Questa Versione di Barney non è affatto «scomoda» Anzi, è proprio romantica

nostro inviato a Venezia

Un’altra commedia - sentimentale, ironica e amara - ha riportato un po’ di leggerezza ieri al Lido, vigilia della Notte dei Leoni, dopo giorni di malinconie, corpi umiliati e lambiccamenti intellettuali. La versione di Barney, riduzione cinematografica dell’omonimo romanzo di Mordecai Richler divenuto un caso letterario non solo in Italia (edizioni Adelphi), è stata lungamente applaudita anche alla proiezione per la stampa e, dopo l’ottima accoglienza riservata alle altre due commedie in concorso (La Passione e Potiche), non resta che riconoscere una piccola svolta. Ovvero la conferma che questo genere, troppe volte considerato con sufficienza, ha pieno diritto di cittadinanza anche in una Mostra d’Arte cinematografica.
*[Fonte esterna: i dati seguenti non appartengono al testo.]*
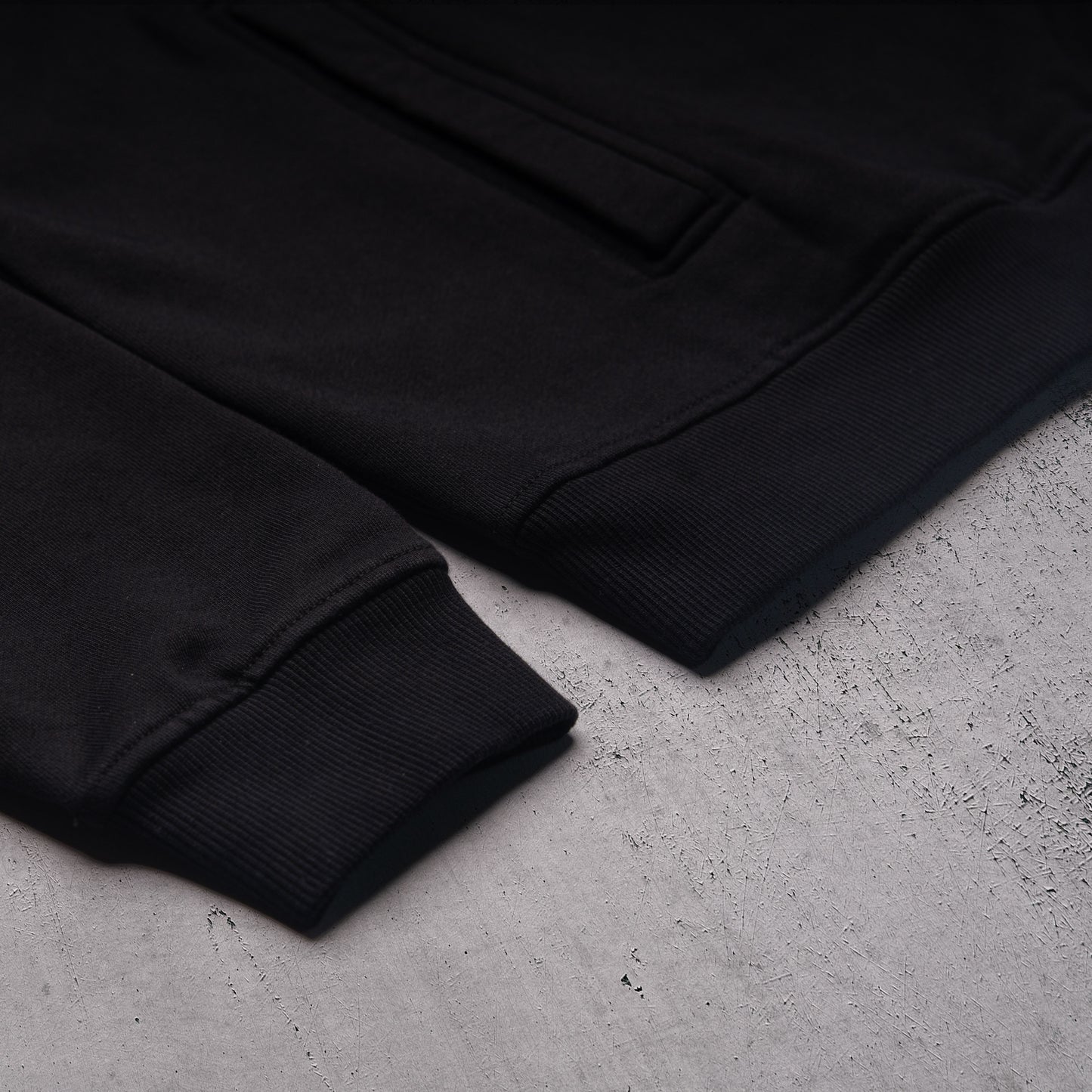 Men's C4 Quarter Zip Pullover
Come dimostra il lavoro firmato da Richard J. Lewis (Csi - Scena del crimine), divertimento e pensiero non sono necessariamente due numeri primi destinati a correre in parallelo senza mai congiungersi.
Barney’s version è un film pieno di vita, con dialoghi fulminanti, situazioni paradossali, case vissute e piene di atmosfera e tanta buona musica. Protagonista è il cinico manager televisivo della Produzioni Assolutamente Inutili Barney Panofsky impersonato attraverso 40 anni e tre matrimoni da un ottimo Paul Giamatti. Nella vita privata, però, Barney è un romantico, un bambinone che si lascia andare al primo istinto soprattutto se il richiamo è un paio di gambe. Oltre che dalle donne però viene raggirato anche dagli amici. Il migliore dei quali (Scott Speedman) sparisce per un presunto omicidio di cui viene sospettato lo stesso Barney. Più scorretto di lui è il padre, l’ex poliziotto Izzy che ha il carisma dell’intramontabile Al Pacino. Il guaio vero è che, quando cade ubriaco, Panofsky lo fa sempre nei momenti meno indicati, come all’agognato pranzo con la donna della vita. Dopo il primo matrimonio celebrato a Roma e finito in tragedia, Barney si lascia convincere dal padre a sposarsi una seconda volta con una «principessa ebrea» in possesso di «un master e due tette così». Ma quanto sia innamorato lo si capisce già alla cerimonia dove, dopo qualche bicchierino e un’occhiata alla partita di hockey, inizia a corteggiare l’affascinante Miriam (Rosamund Pike). Qui, da ironica e politicamente scorretta, la commedia vira sul romantico con l’originale risposta alla richiesta di matrimonio di Barney: «Per te sono disposto a fare qualsiasi cosa, anche tagliarmelo», assicura lui mostrando il trinciasigari. «D’accordo, ma questo no… Ci servirà». Quello con Miriam sarà il grande amore dal quale nasceranno due figli. Ma l’inaffidabilità emotiva di Barney e soprattutto la perdita della memoria per l’Alzehimer sono in agguato…
«Anch’io come Barney non sono un tipo amabile e per prepararmi ho ovviamente letto il libro. E devo dire di aver ammorbidito sullo schermo il personaggio originale», confessa Giamatti. Anche il regista ammette di essersi distanziato dal romanzo: «Questo libro è stato così tanto amato dagli italiani e dai canadesi che mi sono guardato bene dal rispettarne lo spirito, mettendo al centro la storia d’amore tra Barney e Miriam». E in un certo senso proprio qui sta la delusione di una parte della critica. Ci si aspettava un personaggio più sulfureo, pungente con le femministe e il salutismo imperanti, interprete di un modo di vivere controcorrente e politicamente scorretto come ce l’aveva presentato Il Foglio. Ma dal film emerge invece più un grande romantico, uno sventato intelligente che, se provoca, lo fa soprattutto per gelosia verso la moglie. Come quando al vicino di casa che simpatizza apertamente per lei dice più meno: «Miriam pensa che lei sia gay, ma io non riesco a convincerla che non è così».

Un modo per renderlo meno scomodo e più vendibile al cinema? «Non abbiamo ridotto la gradazione politica di Barney per ragioni di mercato», replica il produttore Robert Lantos «ma per soddisfare le volontà del suo creatore Mordecai Richler». Più convincente la risposta di Rosamund Pike, la Mirima del film: «Più che alle parole, abbiamo affidato alle azioni il suo spirito uncorrect».